Mr. Harrison had come home from his luncheon in the late afternoon, napped, and then had gone back out for a dinner. His engagements were mysterious to me. He returned around eleven and put on the television. He invited me to join him, but I declined out of shyness and stayed in my room trying to read and not to cry.
After an hour of television, he shut it off, and I listened to him prepare his bed and then brush his teeth in the kitchen sink. Then he passed through my room on his way to the bathroom. He was wearing a tuxedo shirt and a blue bathing suit with white tubing along the edges. A black eye-mask was propped on his forehead. It was a remarkable sleeping costume. I was only in T-shirt and boxer shorts. He closed the door to the bathroom and I listened to him urinate and then prematurely flush while still urinating, which I found puzzling.

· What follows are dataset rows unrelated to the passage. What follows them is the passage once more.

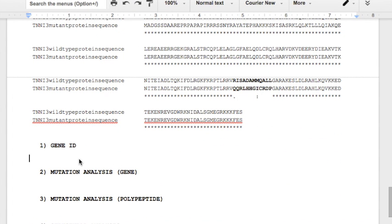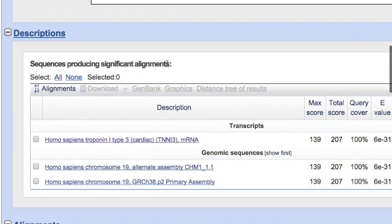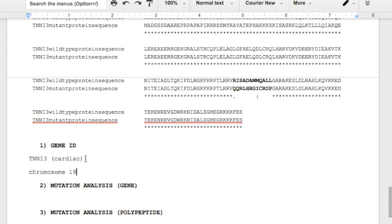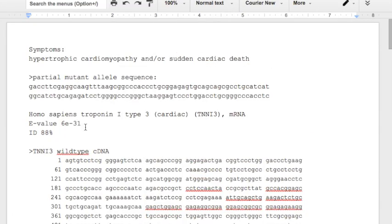Okay, before we get too far, let's collect all the information we've generated in the last 13 minutes and just see what we've gotten. So first, the gene has been ID'd as TNNI3 cardiac type. We've also noted that it's on chromosome 19, and if you don't remember where that information is, it's found right here on the BLAST results page. Second, we identified that there was 88% identity between the mutant allele sequence and the wild type sequence, and that the E value was, I believe, 6 times E to the 10 to the negative 31st, and I can double check that up here, and there it is.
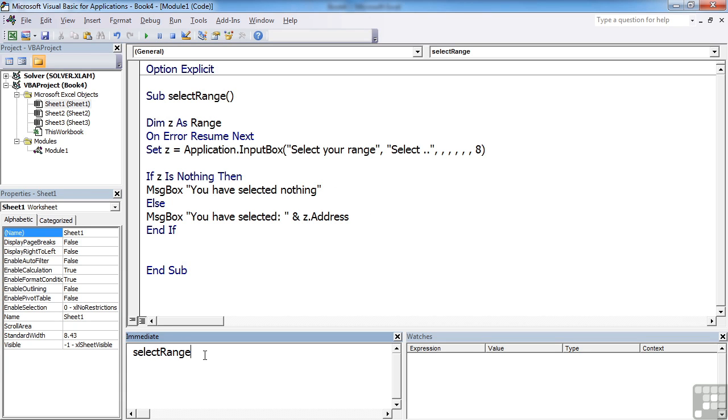That's a clever use of the input box. This allows them to select a range of cells on the currently active sheet.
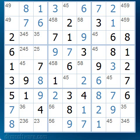In this third tutorial, we are going to cover a very useful technique called Box Line Pointing. Looking at this puzzle, we see that all the cells marked with a blue font we were able to solve using the basic logic techniques covered in the first tutorial. At that point, we hit a brick wall and got out the pencils and marked all the possible numbers that can occur in each of the unsolved cells.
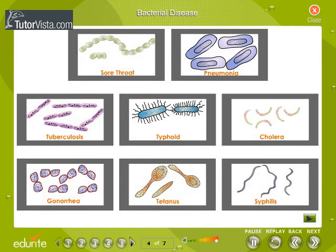Bacterial diseases: observe the diagrams of different kinds of bacteria that cause some common diseases.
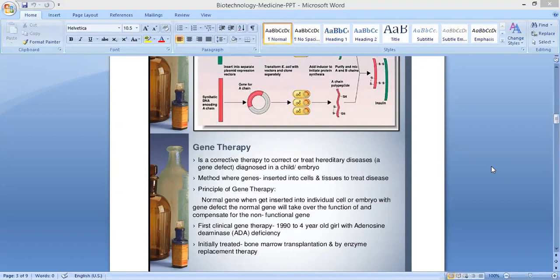What is the principle of gene therapy? The principle of gene therapy means a normal gene, when inserted into an individual cell or embryo with a gene defect, will take over the function of and compensate for the non-functional gene.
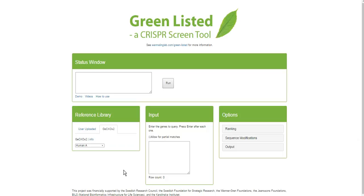The exercise that GreenList does for you is that you provide a list of genes, and GreenList will suggest a CRISPR library that you should make to create a screen targeting all of those genes. The way it does it is that you either upload a reference library yourself, or you use the GeCKO version 2 that's embedded, which contains lists of suggested gRNAs for particular genes. Then in the input box you tell the software which genes you want to target.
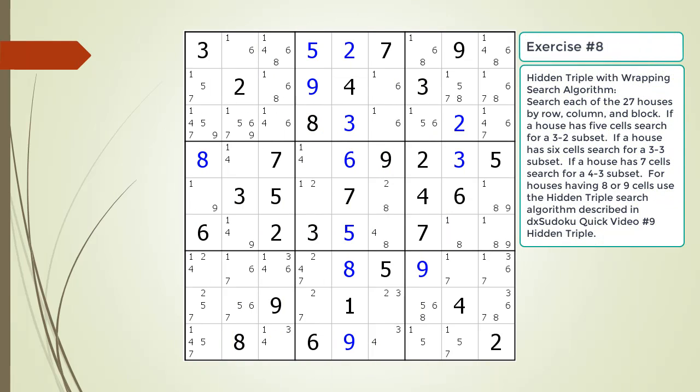Pause the video and find the hidden triple by looking for a naked triple within the puzzle. Identify the three candidates and three cells making up the naked and hidden triples. Identify target candidates to be removed.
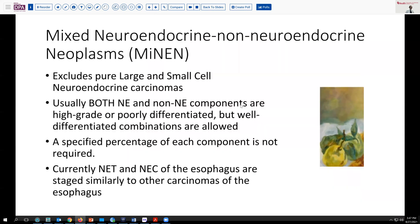So, just to put mixed neuroendocrine and non-neuroendocrine neoplasms into context: this was previously called MANIC — mixed adenoneuroendocrine carcinoma. Now it's called mixed neuroendocrine non-neuroendocrine carcinomas, or MiNEN, or neuroendocrine tumors. It does not include the pure large cell or small cell neuroendocrine tumors. Usually in these tumors, both the neuroendocrine and non-neuroendocrine components are high-grade, relatively poorly differentiated. As in our case, sometimes the neuroendocrine markers can be expressed in both components.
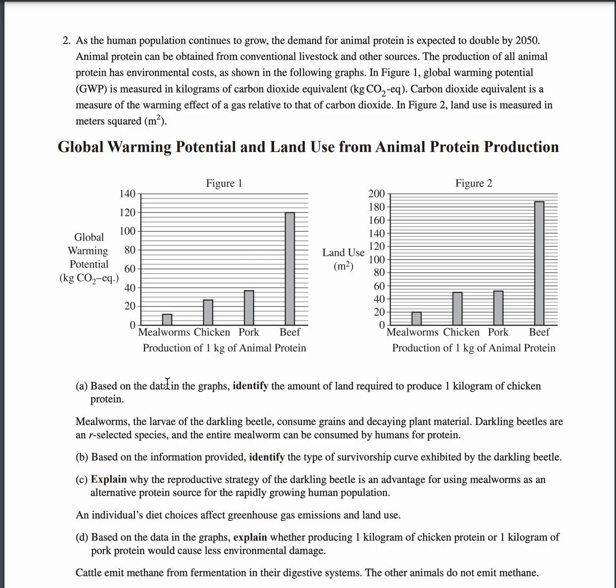For question two, part A, the answer is 50 square meters. For part B, the answer is a type 3 survivorship curve, and since it's type 3, it's R-selected. For part C, since it's R-selected, it can grow and produce quickly, providing protein at a rapid pace. For part D, the answer would be chicken, since there are less CO2 emissions. Since carbon dioxide plays a huge role in environmental damage through climate change, having less CO2 would result in less environmental damage.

He came out, the Long Island motor was still churning in the toilet, and he stood at the end of my bed and said, “Do you have earplugs for sleeping?”
“No, I don’t. But I am a sound sleeper.”
“Well, in New York you should have them. They’re quite wonderful. They’ll change your life.”

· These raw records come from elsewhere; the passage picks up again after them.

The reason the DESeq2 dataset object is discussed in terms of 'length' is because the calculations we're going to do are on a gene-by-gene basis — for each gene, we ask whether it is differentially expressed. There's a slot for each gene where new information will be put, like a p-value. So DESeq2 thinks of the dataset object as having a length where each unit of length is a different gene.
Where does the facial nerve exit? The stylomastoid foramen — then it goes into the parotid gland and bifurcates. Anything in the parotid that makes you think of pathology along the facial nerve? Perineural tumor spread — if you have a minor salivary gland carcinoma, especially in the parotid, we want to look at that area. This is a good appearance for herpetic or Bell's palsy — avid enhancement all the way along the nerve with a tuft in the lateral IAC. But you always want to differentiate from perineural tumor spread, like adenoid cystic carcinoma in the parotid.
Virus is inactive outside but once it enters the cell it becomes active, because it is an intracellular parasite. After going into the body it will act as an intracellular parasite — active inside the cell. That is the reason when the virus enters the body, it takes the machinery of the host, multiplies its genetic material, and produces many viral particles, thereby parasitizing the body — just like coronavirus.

“I’ll see how it goes,” I said, and then I tried to make a joke with him. “That mask makes you look like the Lone Ranger.”
“I need it for sleeping,” he responded quite seriously. “I prefer to think that I resemble the Phantom of the Opera.”

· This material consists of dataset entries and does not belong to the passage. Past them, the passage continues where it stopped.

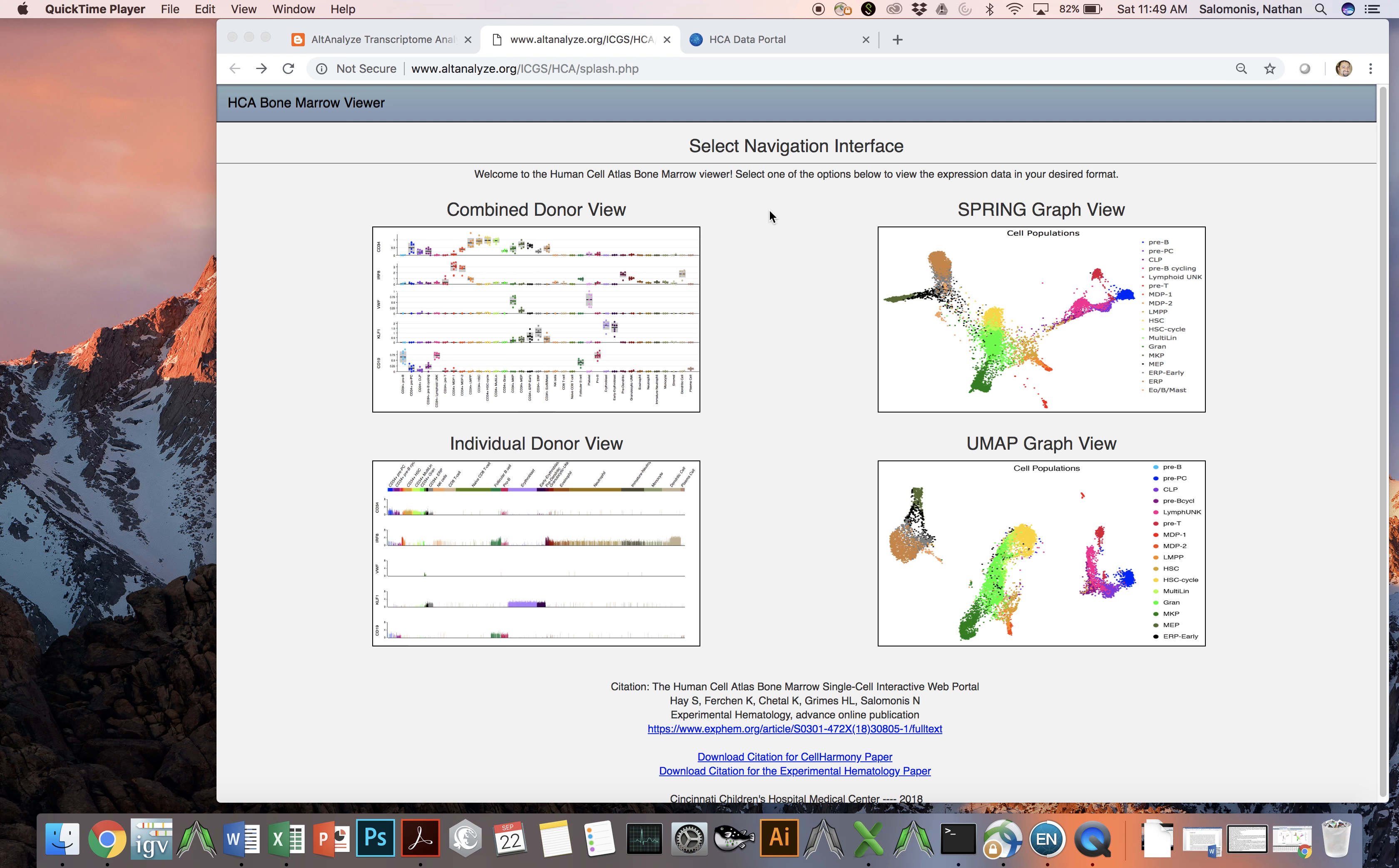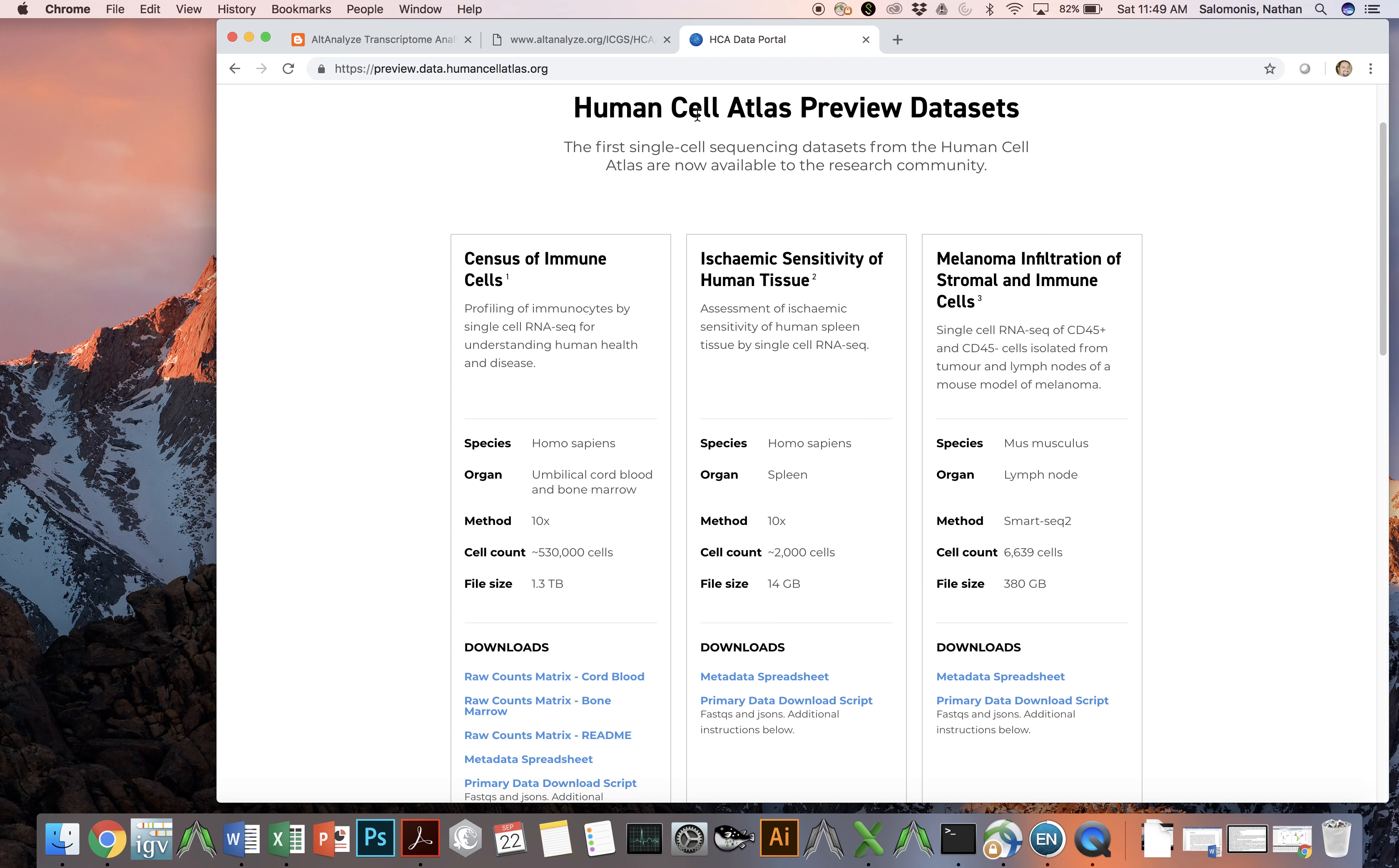These data were obtained from the Human Cell Atlas Preview Datasets Viewer, in particular a census of immune cells, which includes both umbilical cord and bone marrow RNA sequencing data, collected initially for 530,000 cells.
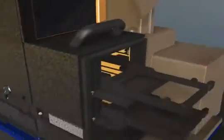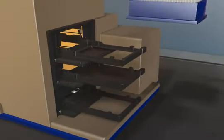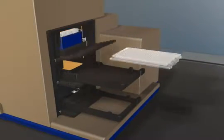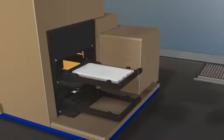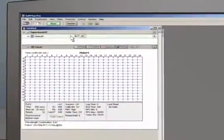To run an assay with fluidics, simply load tips, a compound plate, and your assay plate, then click read in the Softmax Pro software.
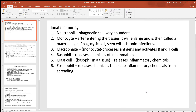Let's take a look at the cells of innate and adaptive immunity. Starting with innate immunity — this is the immunity which does not improve over time. These cells do not have memory and specificity like you see with the lymphocytes, which go under the adaptive immunity.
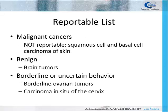By law, almost all malignant cancer cases must be reported to the state. A couple of malignant cancers that are not reportable are squamous cell and basal cell carcinoma of the skin. Some benign central nervous system tumors, including brain tumors, are required by law to be reported as well. A hospital cancer committee or even some state central cancer registries may require the cancer registry to report other benign, borderline, and uncertain behavior cases. Examples of this include borderline ovarian tumors and carcinoma in situ of the cervix.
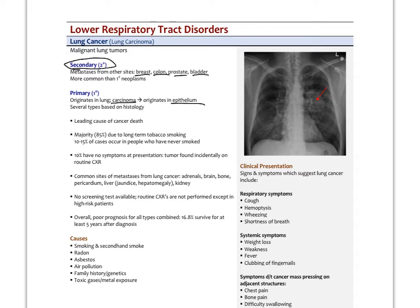In the US, lung cancer is still the leading cause of cancer death, though rates are coming down. The number one cause is cigarette smoking. Smoking rates rose until the 1970s and 80s, then declined, and cancer rates are following that trend a couple of decades later. However, there is now an uptick in smoking — especially among younger smokers — which could push cancer rates back up. The majority — over 85% — are due to long-term tobacco use. About 10% of patients have no symptoms at presentation and the tumor is found incidentally on chest X-ray.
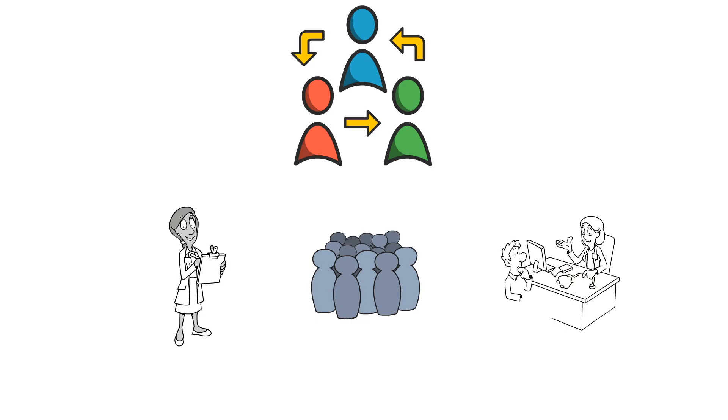This could lead to improved doctor-patient relationships, better communication, and ultimately enhanced health outcomes for their patients.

He took a step to head out and then looked at my book. “What are you reading?” he asked.
“Thomas Mann’s diaries,” I said.
He raised his eyebrows in a suspicious way. I had a feeling he was thinking about Death in Venice. He then said in a friendly tone, “If you like we can have readings at night to help us fall asleep … I think a chapter of Winnie-the-Pooh would be very good, followed by some Rabelais.”
“Sure,” I said, laughing a little, my homesickness leaving me.
“Well, gute Nacht,” he said and strode out of my room, reminding me that he still thought I was Aryan, a lie whose revelation I wanted to postpone.
The Next Event
One of the first things I had to learn about New York was how to park my car without getting tickets. Mr. Harrison, who also had a car (a Buick Skylark, he said), told me that the “polizei” would certainly be after my Parisienne, that tickets generated money for the city, and I would have to accept this as a fact of life. “It’s entirely unjust, but think of it as a duty to the King,” he said.
I found that if I read the signs carefully I could avoid tickets, but I was worried that my car, though it was old, might be vandalized. It was a 1982, but I kept it in good shape. My father had always lectured me on the importance of changing the oil, and never letting the gas go below half a tank, so as not to run dirt through the engine. He took care of his cars because they were his livelihood; he was a traveling salesman.
He sold furniture to schools and nursing homes and prisons. His territory was New Jersey and Pennsylvania. It was a difficult business; institutions held on to their old furniture for as long as they could.